_WHAT YOU ARE ASKED TO DO_
Exactly reproduce the lines of the listing below from the one containing "White 100mm ultra" through the one containing "CGID E72 Steampunk". Skip the images.

======== AVAILABLE RECORDS ========

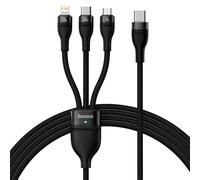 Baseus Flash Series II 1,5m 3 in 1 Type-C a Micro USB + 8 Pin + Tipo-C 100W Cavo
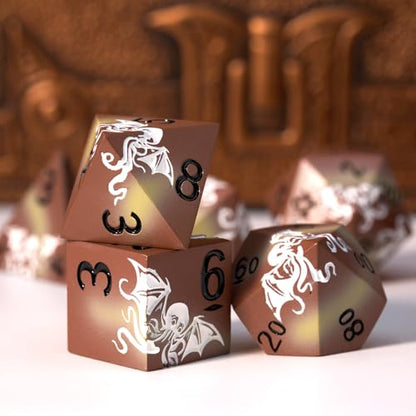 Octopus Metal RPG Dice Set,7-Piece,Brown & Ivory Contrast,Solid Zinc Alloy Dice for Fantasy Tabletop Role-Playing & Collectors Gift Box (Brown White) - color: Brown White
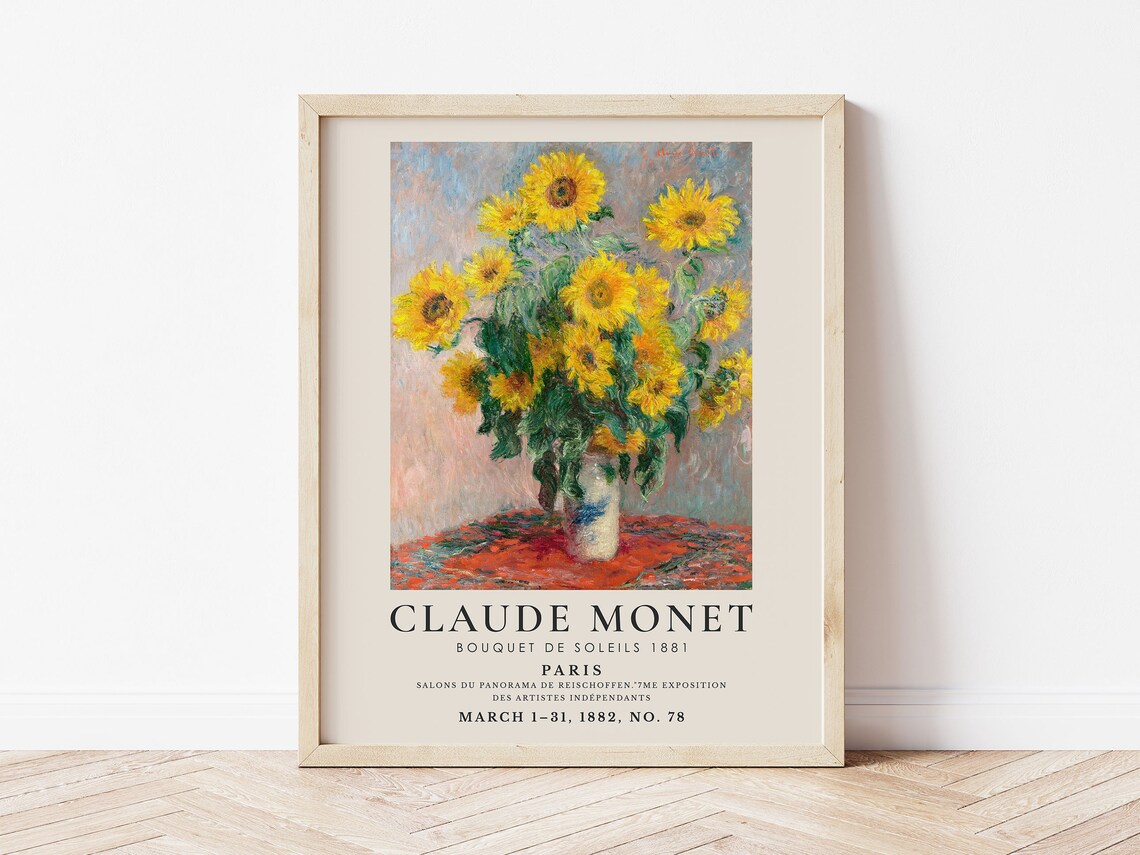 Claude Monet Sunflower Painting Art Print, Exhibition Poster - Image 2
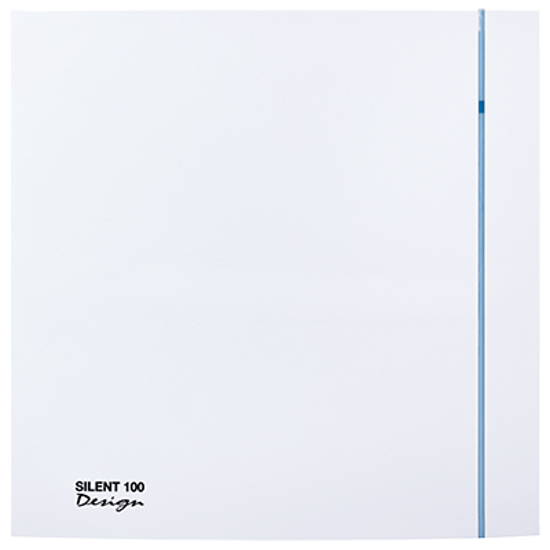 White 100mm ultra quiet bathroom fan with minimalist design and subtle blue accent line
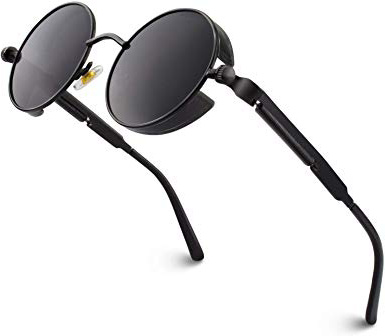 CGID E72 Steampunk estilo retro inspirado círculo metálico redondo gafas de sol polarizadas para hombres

========
======== AVAILABLE RECORDS ========

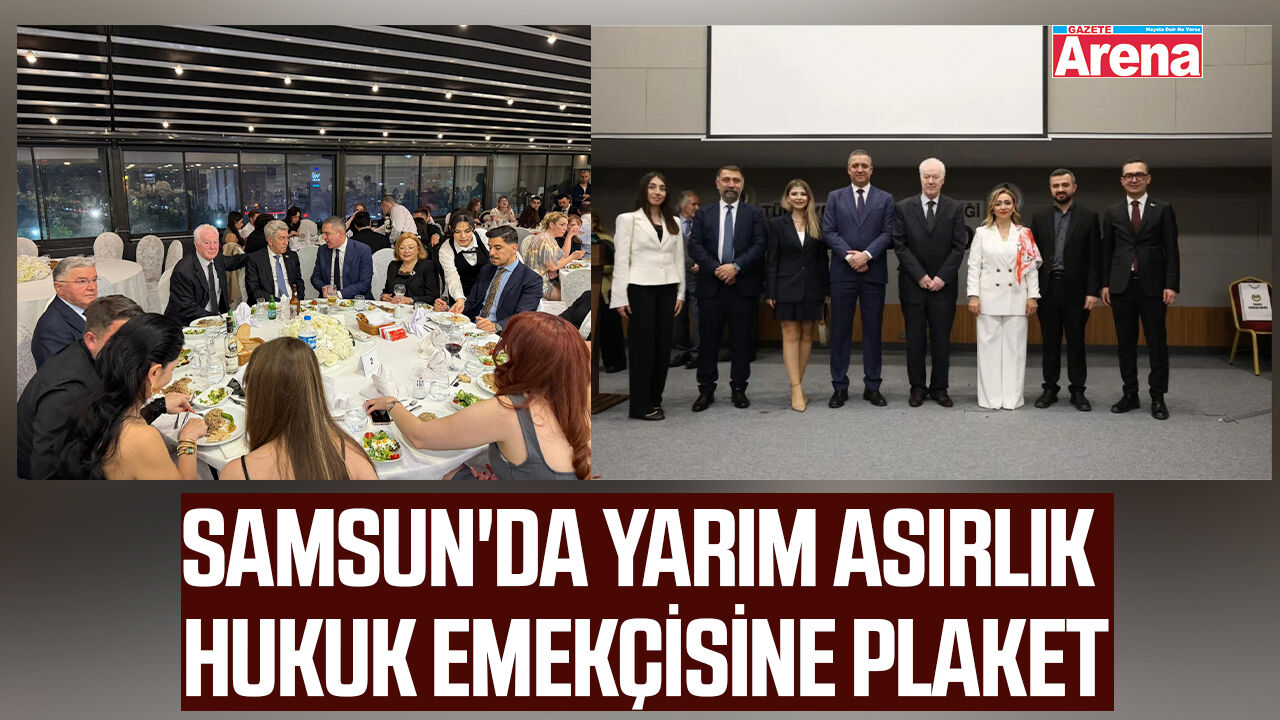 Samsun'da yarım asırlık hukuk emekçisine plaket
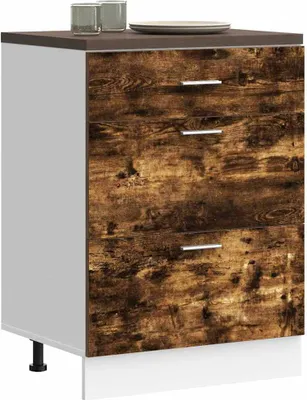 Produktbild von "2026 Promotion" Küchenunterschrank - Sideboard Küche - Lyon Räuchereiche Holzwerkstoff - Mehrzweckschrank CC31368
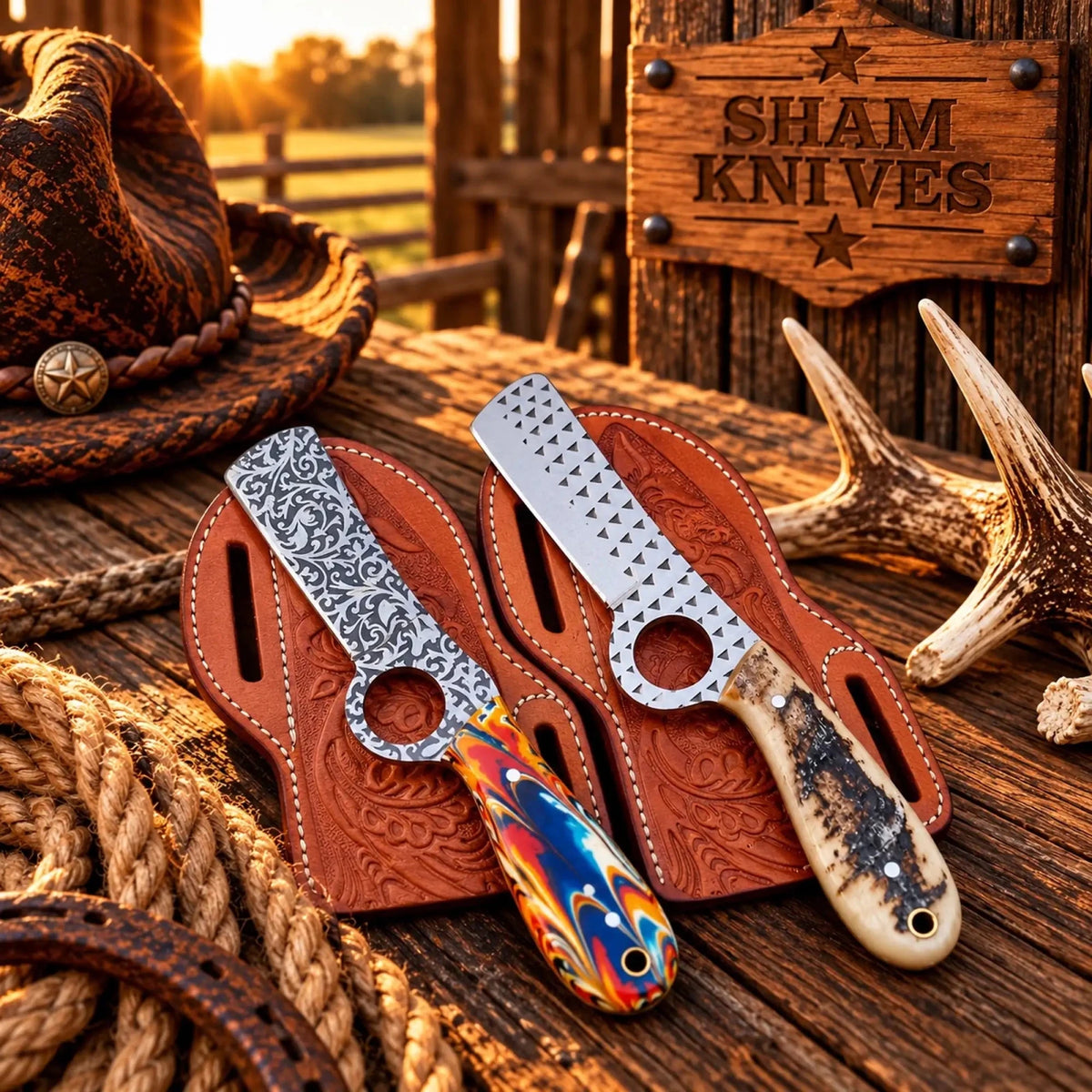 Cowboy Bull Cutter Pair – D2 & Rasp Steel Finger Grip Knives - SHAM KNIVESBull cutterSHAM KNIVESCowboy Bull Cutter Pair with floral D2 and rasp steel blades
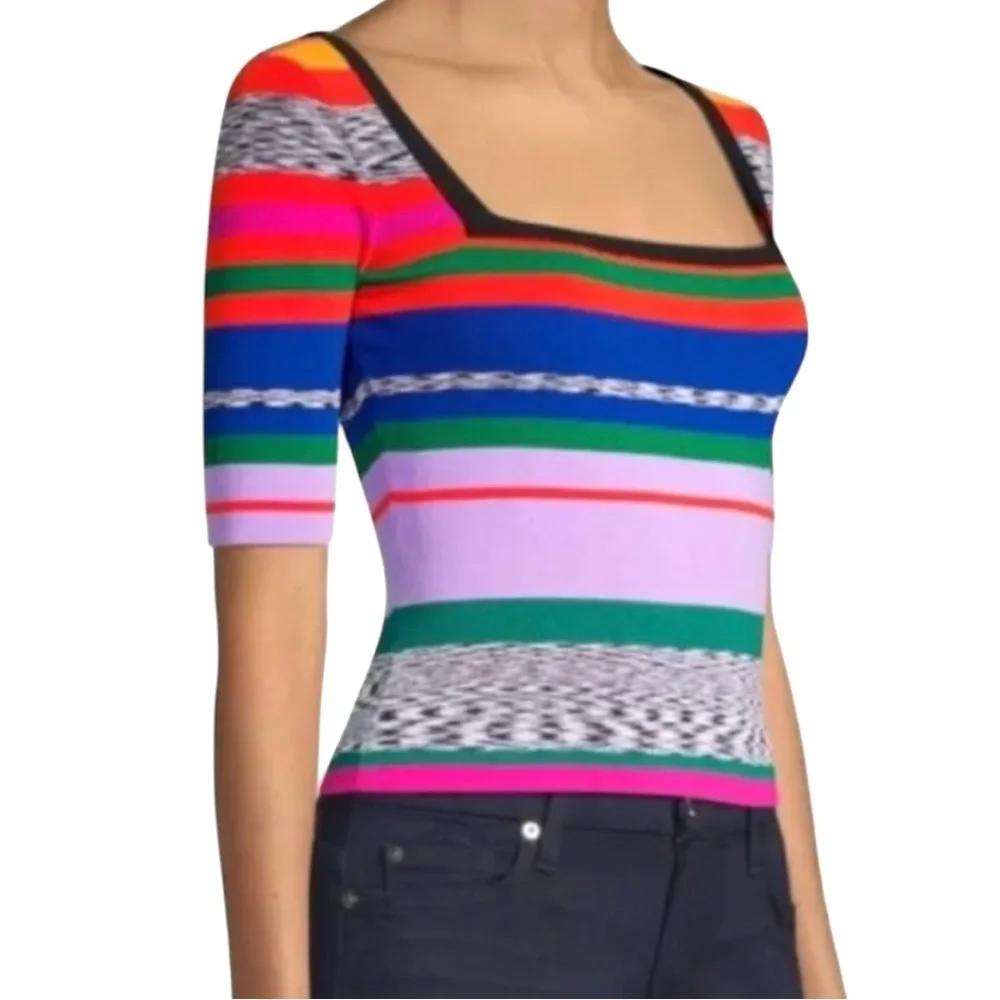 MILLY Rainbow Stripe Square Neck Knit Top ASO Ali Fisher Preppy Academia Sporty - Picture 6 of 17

========

_EXERCISE RESPONSE_
 White 100mm ultra quiet bathroom fan with minimalist design and subtle blue accent line
 CGID E72 Steampunk estilo retro inspirado círculo metálico redondo gafas de sol polarizadas para hombres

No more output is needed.